For a good summary of how waiver trades work, consult Steve Phillips’s article from a year ago.
Newspapers from both Boston and Baltimore are confirming that the Red Sox have contacted the Orioles about catcher Javy Lopez. The 35 year-old Lopez has only caught twenty games this season, but he could certainly provide acceptable offense for the rest of the month until Jason Varitek comes back.

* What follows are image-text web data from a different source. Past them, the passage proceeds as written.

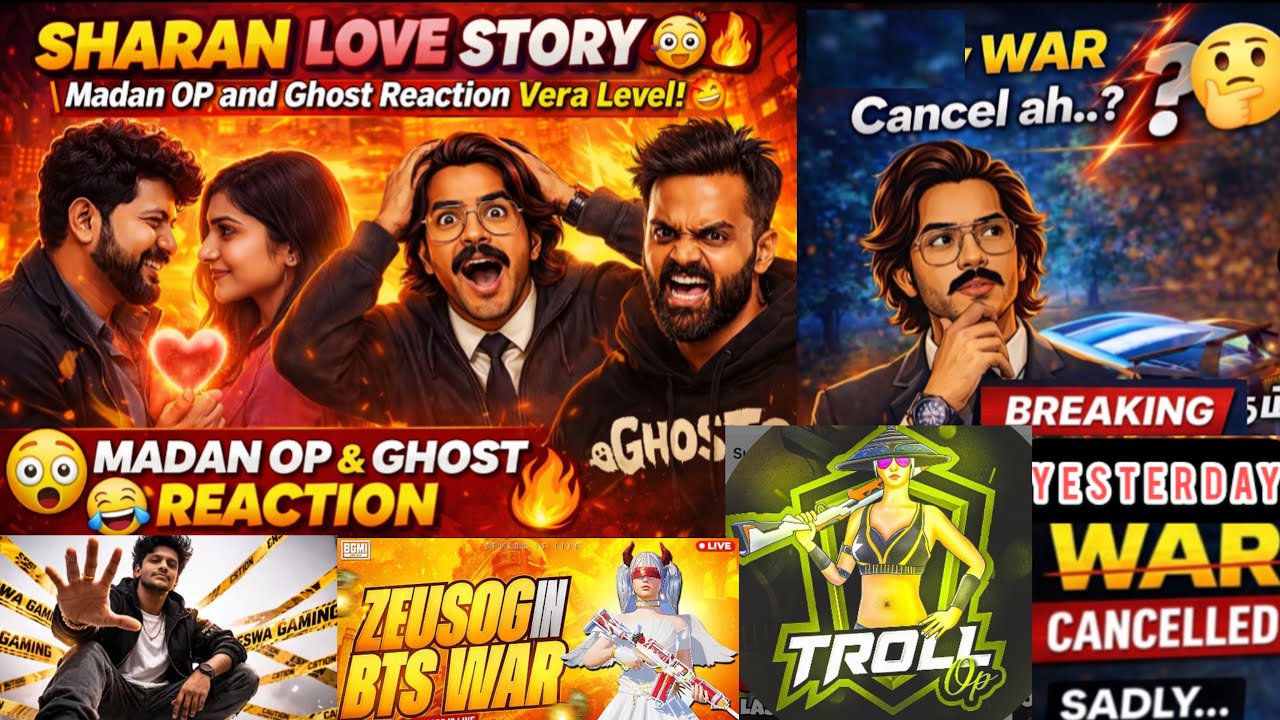 Sharan Love Story 😳 | Madan op and ghost op Reaction Vera Level! 😂🔥 #botsquad #madan #btswar 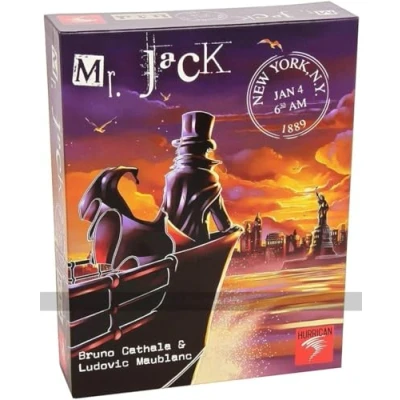 Imagen de Asmodee Mr. Jack Nueva York, juego de estrategia Varios idiomas, incluye español (MRJ03ML)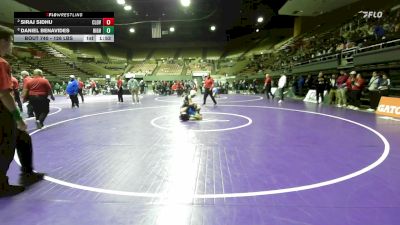 126 lbs Semifinal - Siraj Sidhu, Clovis North vs Daniel Benavides, Highland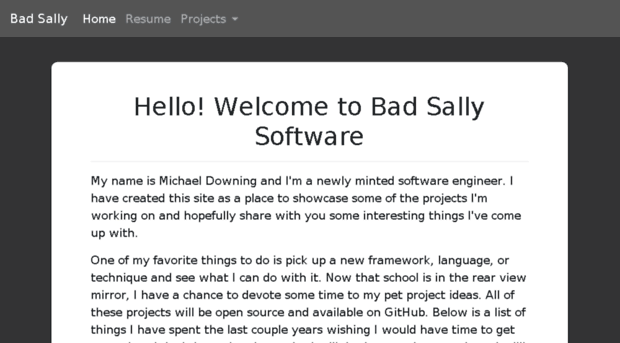 badsallysoftware.com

The Boston Herald indicates that Lopez could clear waivers today. A source tells me that the Red Sox may part with 23 year-old southpaw starter Abe Alvarez. Alvarez is the guy who wears his hat crooked to compensate for being legally blind in one eye. He’s proven quite hittable in Triple A this year. Back in June, the Red Sox offered Alvarez for Ryan Shealy. Alvarez seems to get mentioned in a lot of trade rumors.
The Yankees wouldn’t be able to block a claim of Lopez, as they have a slight lead in the standings today. It’s hard to picture another American League team blocking the claim, but you never know. Should Lopez fall through, here are some other options the Red Sox might consider. Among those, a couple of Philly papers have already indicated that the Sox aren’t interested in Mike Lieberthal.
Let’s assess Ryan Klesko’s situation and background. He could be a candidate for a waiver trade this month.
When he has been on the field, the 35 year-old Klesko has recently been seen in left field. Last year, he dealt with back soreness/spasms, a fever, a pinched nerve in his neck, and a strained shoulder. He got into 137 games despite all of that, but slugged just .418.
The Padres planned to move him to first base and the #2 slot this year, but a cortisone shot didn’t solve his shoulder problem. By April he’d decided to have surgery. Currently he’s about a week away from playing in rehab games. Some team might want his left-handed bat, and if his shoulder’s better some power could return.
Klesko makes $8MM in the final year of his deal; Kevin Towers has already mentioned that he won’t exercise Klesko’s 2007 option. As a 10 and 5 player, he the ability to reject any waiver claim. He’s said he’s willing to waive that right if there’s a chance to play full-time for a contender. Adrian Gonzalez is hitting .303/.346/.519 as Klesko’s replacement.
Earlier in July, the Red Sox expressed a little bit of interest in Klesko. While any trade would involve a contending team, it’s unlikely Klesko would be a starter. The Twins and Angels could have interest as well.